In practice, you cannot gain full adherence to this principle, and you will have places where you will need to modify existing code. Full adherence to the principle is not the point. Like with all engineering principles, they are guidelines which live in a complex world of trade offs. Knowing these guidelines is very useful.

Clearly it’s a bad idea to leave code¬†in place that is wrong after a requirement change. That’s not what this principle is about.

Another very informative “simple code is a good thing” slide.

To be honest, I’m not entirely sure what Dan is getting at with his “is-a, has-a” vs “acts-like-a, can-be-used-as-a”. It does make me think of the Interface Segregation Principle, which, coincidentally, is the next principle he misinterprets.

The remainder of this slide is about the “favor compositions about inheritance” principle. This is really good advice, which has been well-accepted in professional circles for a long time. This principle is about code sharing, which is generally better done via composition than inheritance (the latter creates very strong coupling). In the last big application I wrote I have several 100s of classes and less than a handful inherit concrete code. Inheritance has a use which is completely different from code reuse: sub-typing and polymorphism. I won’t go into detail about those here, and will just say that this is at the core of what Object Orientation is about, and that even in the application I mentioned, this is used all over, making the Liskov Substitution Principle very relevant.

Here Dan is slamming the principle for being too obvious? Really?

“Design small , role-based classes”. Here Dan changed “interfaces” into “classes”. Which results in a line that makes me think of the Single Responsibility Principle. More importantly, there is a misunderstanding about the meaning of the word “interface” here.
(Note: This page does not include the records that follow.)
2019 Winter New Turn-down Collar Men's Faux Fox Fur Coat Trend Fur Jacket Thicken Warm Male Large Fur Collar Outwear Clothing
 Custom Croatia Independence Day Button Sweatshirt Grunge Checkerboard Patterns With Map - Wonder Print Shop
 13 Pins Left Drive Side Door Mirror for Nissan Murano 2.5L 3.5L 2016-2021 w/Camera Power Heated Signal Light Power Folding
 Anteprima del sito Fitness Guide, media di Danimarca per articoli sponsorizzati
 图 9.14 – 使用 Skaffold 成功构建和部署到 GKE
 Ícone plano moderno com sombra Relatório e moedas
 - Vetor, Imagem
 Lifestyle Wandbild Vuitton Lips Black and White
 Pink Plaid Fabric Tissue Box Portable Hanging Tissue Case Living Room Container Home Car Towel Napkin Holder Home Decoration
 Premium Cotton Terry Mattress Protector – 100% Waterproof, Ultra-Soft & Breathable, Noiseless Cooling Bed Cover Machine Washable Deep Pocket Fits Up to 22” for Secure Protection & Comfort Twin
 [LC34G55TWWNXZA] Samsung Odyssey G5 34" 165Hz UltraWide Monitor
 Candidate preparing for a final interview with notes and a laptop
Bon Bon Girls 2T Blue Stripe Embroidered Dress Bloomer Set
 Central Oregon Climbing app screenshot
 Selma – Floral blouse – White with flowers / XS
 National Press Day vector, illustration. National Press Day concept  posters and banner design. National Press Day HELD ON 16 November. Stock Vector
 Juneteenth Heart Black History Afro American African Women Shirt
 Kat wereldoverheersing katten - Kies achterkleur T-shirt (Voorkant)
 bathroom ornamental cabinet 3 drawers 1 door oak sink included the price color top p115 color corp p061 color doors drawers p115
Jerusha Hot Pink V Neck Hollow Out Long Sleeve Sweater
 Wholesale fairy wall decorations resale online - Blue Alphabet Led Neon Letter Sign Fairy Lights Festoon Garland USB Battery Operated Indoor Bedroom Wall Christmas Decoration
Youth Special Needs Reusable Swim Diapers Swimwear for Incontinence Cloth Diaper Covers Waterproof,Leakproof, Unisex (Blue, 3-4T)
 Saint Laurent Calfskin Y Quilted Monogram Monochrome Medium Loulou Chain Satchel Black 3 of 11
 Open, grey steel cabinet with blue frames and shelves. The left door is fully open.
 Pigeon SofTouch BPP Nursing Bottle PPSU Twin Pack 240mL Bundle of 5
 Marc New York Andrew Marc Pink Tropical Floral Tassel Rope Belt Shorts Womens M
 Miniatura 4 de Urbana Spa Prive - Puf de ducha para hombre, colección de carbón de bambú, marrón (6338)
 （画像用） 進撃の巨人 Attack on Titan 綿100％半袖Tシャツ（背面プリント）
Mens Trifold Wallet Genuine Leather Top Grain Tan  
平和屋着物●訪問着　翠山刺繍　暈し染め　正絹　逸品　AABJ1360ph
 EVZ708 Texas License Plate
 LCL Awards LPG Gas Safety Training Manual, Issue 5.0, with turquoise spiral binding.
This principle is about the abstract concept of an interface, not the language construct that you find in some programming languages such as Java and PHP. A class forms an interface. This principle applies to OO languages that do not have an interface keyword such as Python and even to those that do not have a class keyword such as Lua.

If you follow the Interface Segregation Principle and create interfaces designed for specific clients, it becomes much easier to construct or invoke those clients. You won’t have to provide additional dependencies that your client does not actually care about. In addition, if you are doing something with those extra dependencies, you know this client will not be affected.

This is a bit bizarre. The definition Dan provides is good enough, even though it is incomplete, which can be excused by it being a slide. From the slide it’s clear that the Dependency Inversion Principle is about dependencies (who would have guessed) and coupling. The next slide is about how reuse is overrated. As we’ve already established, this is not what the principle is about.

As to the DIP leading to DI frameworks that you then depend on… this is like saying that if you eat food you might eat non-nutritious food which is not healthy. The fix here is to not eat non-nutritious food, it is not to reject food altogether. Remember the application I mentioned? It uses dependency injection all the way, without using any framework or magic. In fact, 95% of the code does not bind to the web-framework used due to adherence to the Dependency Inversion Principle. (Read more about this application)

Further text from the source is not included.